Una delle più grandi innovazioni nella legislazione delle imprese italiane è costituito dalle “start-up culturali”, ovvero una nuova figura societaria prevista da un progetto di legge di iniziativa parlamentare (A.C. 2950, assegnato alla VII Commissione Cultura della Camera dei deputati), che ha come oggetto sociale esclusivo e specifico la promozione dell’offerta culturale italiana, attraverso lo sviluppo, la valorizzazione, la produzione o la distribuzione di prodotti o di servizi innovativi ad alto valore tecnologico, anche mediante l’uso di nuove tecnologie e lo sviluppo di software originali, afferenti a uno o più dei seguenti ambiti:

– opere dell’ingegno di carattere creativo che appartengono alla letteratura, alla musica, alle arti figurative, all’architettura, al teatro ed alla cinematografia, qualunque ne sia il modo o la forma di espressione (opere soggette alla protezione del diritto d’autore e di altri diritti connessi al suo esercizio);

– il patrimonio culturale italiano, che è costituito dai beni culturali e dai beni paesaggistici.

Per le start up culturali costituite per almeno l’80% da persone fisiche di età inferiore a 35 anni, il progetto di legge prevede l’esenzione dal pagamento dell’imposta di registro, dei diritti erariali e delle tasse di concessione governativa.

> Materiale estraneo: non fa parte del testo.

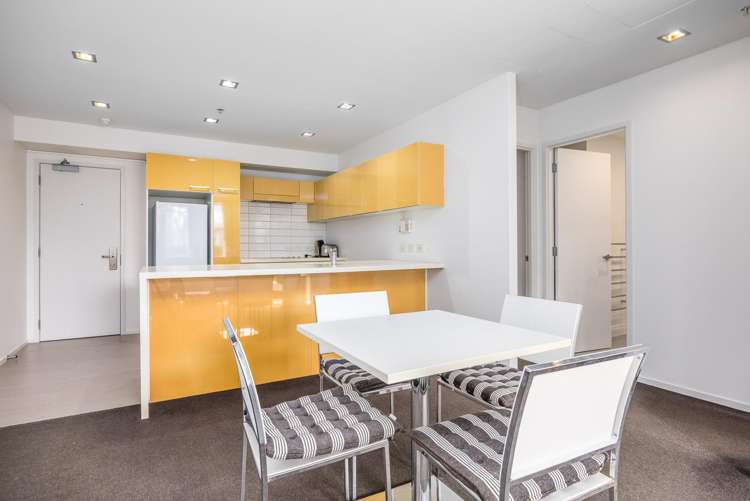 2M/14 Upper Queen Street Auckland Central_6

A favore di queste società, inoltre, il legislatore ha previsto l’attribuzione di un credito d’imposta nella misura del 65% a fronte dei costi ammissibili sostenuti, elevabile al 75% per le start up con sede in una delle regioni dell’Obiettivo Convergenza, per l’acquisto di software e di tecnologie innovative, la comunicazione web e relativa consulenza, l’iscrizione a una piattaforma di crowdfounding.

Con questa nuova veste giuridica molte attività potranno riuscire a trovare un equilibrio di efficienza economica, una volta approvato il disegno di legge la palla passerà agli imprenditori culturali.